Editor’s Note
This analysis reveals how importers strategically adapted to new tariffs, accelerating purchases and shifting patterns to avoid an estimated $6.5 billion in costs. The stockpiling of pharmaceuticals and precious metals in early 2025 highlights specific sectors where this behavior was most pronounced.

We estimate that importers avoided 13.1 percent ($6.5 billion) of new tariffs by accelerating purchases and changing their purchasing patterns in response to the new tariff regime. Importers especially stockpiled pharmaceuticals and precious metals during 2025 Q1.
U.S. import volumes dramatically increased in Q1 2025 as importers stocked up on goods to avoid tariffs, with aggregate import values exceeding historical trends by 26 percent. This pattern reversed in April and May as aggregate import values returned to levels consistent with historical trends.
Dramatic import surges were particularly evident in early 2025 from Ireland and Switzerland as importers stockpiled pharmaceuticals and precious metals.
We estimate that the new tariffs raised $42.7 billion in revenue between October 2024 and May 2025 relative to a counterfactual projection with no change in tariff rates.
Importers have avoided $6.5 billion in tariffs, equivalent to 13.1 percent of new revenue, by accelerating purchases and changing their purchasing patterns in response to the new tariff regime.
The U.S. International Trade Commission recently released detailed trade and tariff data through May 2025. This data allows us to provide an initial assessment of the impact of the Trump administration’s tariffs on U.S. imports and customs revenue and to examine how import behavior has changed in response to the new tariff regime. While this analysis is a retrospective examination of the impact of tariffs through May 2025, PWBM also provides a tariff simulator that can be used to forecast the impact of tariffs on U.S. imports and customs revenue.

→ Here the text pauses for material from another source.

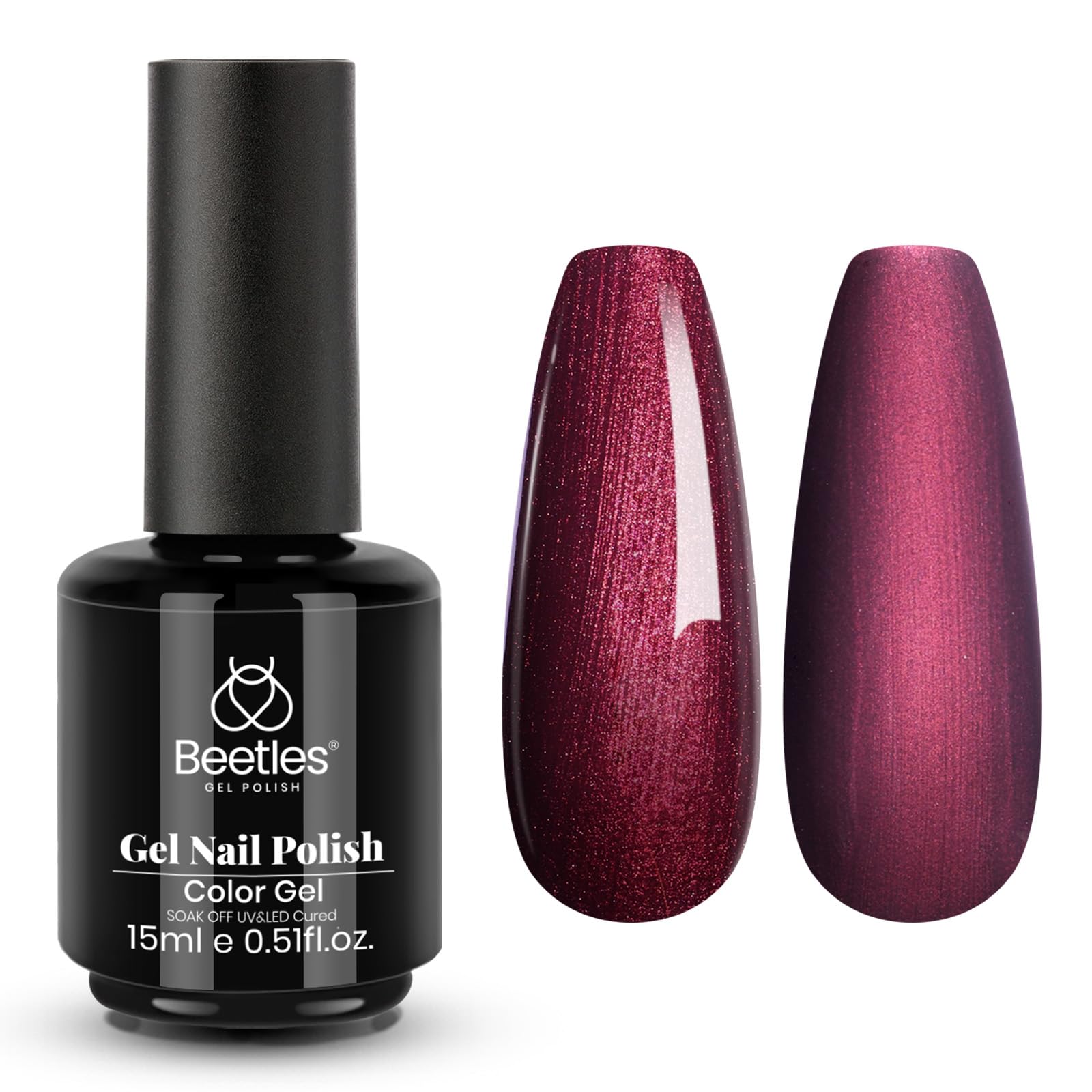 Beetles Burgundy Glitter Gel muestra brillo duradero para uñas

Figure 1 illustrates the surge in U.S. import values that began in late 2024. In the first quarter of 2025, imports were 26 percent higher than historical trends would suggest. By April, the surge largely receded, with imports falling 17.5 percent month-over-month and returning to trend. May data confirms that imports have reverted to historical levels, declining 3.7 percent from April.
The import surge receded as the Trump administration’s tariff policies went into effect, suggesting that importers were stockpiling goods to avoid new tariffs. As shown in Figure 2, the overall effective tariff rate rose to 8.8 percent in May, up from just 2.2 percent in January.